Regardless of where the saber was inspired, its prototype was made with the assistance of a Birmingham cutler's namesmith named Henry Osborn•. In order to create a knife that was lighter and more comfortable than the previous model, they took great pains to remove all the excess weight from the hilt. In 1796, a review committee of generals decided to adopt the new saber and named it the 1796 Hussar Sabre, which was increased in length from 31.5 inches to 32.5-33 inches in length. However, Ramatieu was still a little dissatisfied, because the saber he designed was not uniformly adopted by all British cavalry regiments, and the generals seemed reluctant to let the heavy cavalry use this weapon as well, insisting that the heavy cavalry regiment should be equipped with straight swords, so the heavy cavalry regiment had to be equipped with another straight-edged saber. Nonetheless, the influence of Ramatheus can be clearly seen in this weapon, modeled after the heavy cavalry sabers used in Austria between 1769 and 1775[13]: although it had a straight blade, it was specially designed for cutting, with a heavy 35-inch-long blade and disc-shaped gauntlets. This is the famous, and much-mocked, heavy cavalry saber of the 1796 style. This saber and its blunt flat-headed tip are simply anachronistic. Even though a stab is not the recommended form of attack, it is no wonder that as a straight sword it does not provide a point that can be used to stab, it is no wonder that it is unacceptable. [14] However, a non-uniform modification of the weapon was later made in the army, making the tip sharper to make it suitable for stabbing attacks.

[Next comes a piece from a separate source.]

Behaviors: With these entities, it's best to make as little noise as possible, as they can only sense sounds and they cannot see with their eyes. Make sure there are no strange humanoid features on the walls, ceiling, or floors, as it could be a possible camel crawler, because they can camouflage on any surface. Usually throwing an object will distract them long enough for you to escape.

1796 style hussar saber hilt
These two styles of sabers are manufactured by different knife makers, several of whom even guarantee that their blades will "never break". Of course, this guarantee is exaggerated, but on the whole the quality of the blades manufactured at this time was much better than in 1788, thanks in large part to the introduction of a stricter system of inspection and testing before the weapons were officially installed.
Both sabers are also widely used outside of the UK, with some countries importing directly from the UK, others copying the same style in their own countries, and some countries having both. These countries include Portugal, Spain, Prussia, Sweden, and the United States.

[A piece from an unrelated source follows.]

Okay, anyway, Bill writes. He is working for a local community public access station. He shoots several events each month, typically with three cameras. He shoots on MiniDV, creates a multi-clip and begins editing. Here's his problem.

[9] George•, Sir Young (1731-1812), Lord of the Admiralty from 1766 to 1770, Secretary at War from 1782 to 1794, and Master of the Mint from 1794 to 1799.
[10] General von Saiditz had instructed his cavalry to "keep in their hearts an unshakable conviction in their hearts to knock down the enemy with the chest of your horse." ”

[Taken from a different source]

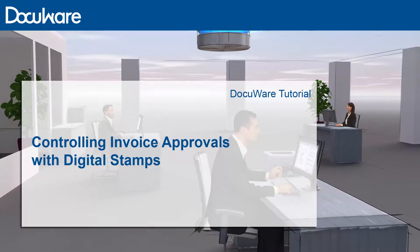DocuWare makes your workflow flow faster. Approval processes, such as invoice approvals, are digitally controlled.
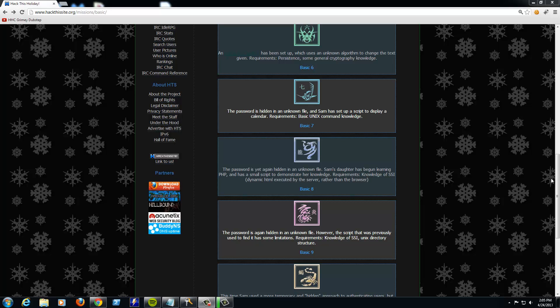Hey there YouTube, this is Cloud9 back again with Hack the Site Mission 8. Basic Mission 8, sorry.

[11] The 1796-style light cavalry saber has a long history of use in the Indian army. Although it was officially replaced by a new model in 1821, surviving photographs show that it was still in use after that, and even some European soldiers continued to use it during the battles to quell the Indian rebellion of 1857-58.
[12] Nolan•Lewis, Cavalry: History and Tactics (Nolan, Louis. Cavalry: its History and Tactics, published in Bosworth, 1853, Pallas•, and republished in 1995 by Pallas Armata. The author of the book was a British cavalry officer who was killed in the Crimean War in the world-famous "charge of the light cavalry brigade". In this book he describes a number of works by the Nizam of Hyderabad (Hyderabad is the kingdom of India, and Nizam is the title of monarch). The Kingdom of Hyderabad, then an ally of the British, inflicted horrific wounds on the resharpened Type 1796 hussar sabers used by Indian cavalry, including severed heads and detached limbs.
[13] The exact order in which the two 1796 sabers were adopted is difficult to determine. But there is considerable evidence that at the time Ramacheu insisted that all British cavalry regiments should be armed with curved sabers of his design. Given his previous experience, it is natural to expect him to offer the Austrian-style heavy cavalry saber as a compromise when his efforts in this regard were frustrated. In Ramathew's opinion, this was a good solution: it was a saber designed for chopping, and at the same time it was a straight-edged saber. The Commission had considered equipping the heavy cavalry with the French tradition of a longer, narrower bayonet with a blade, but the heavy cavalry regiment was not enthusiastic about it.
[14] There are many theories about the improvement of the flat-headed tip of the 1796-style heavy cavalry saber, with one suggesting that this improvement was made at the regimental level. However, the surviving object and the painting of the Scottish Grey Dragoons capturing the French eagle flag at the Battle of Waterloo by Denis Dighton (1792-1827), a contemporary•Denis Dighton (1792-1827), show that both flat and pointed knives were in use at the same time. It can be inferred from this that this modification may have been made only at a lower level of formation, or even by the soldiers themselves.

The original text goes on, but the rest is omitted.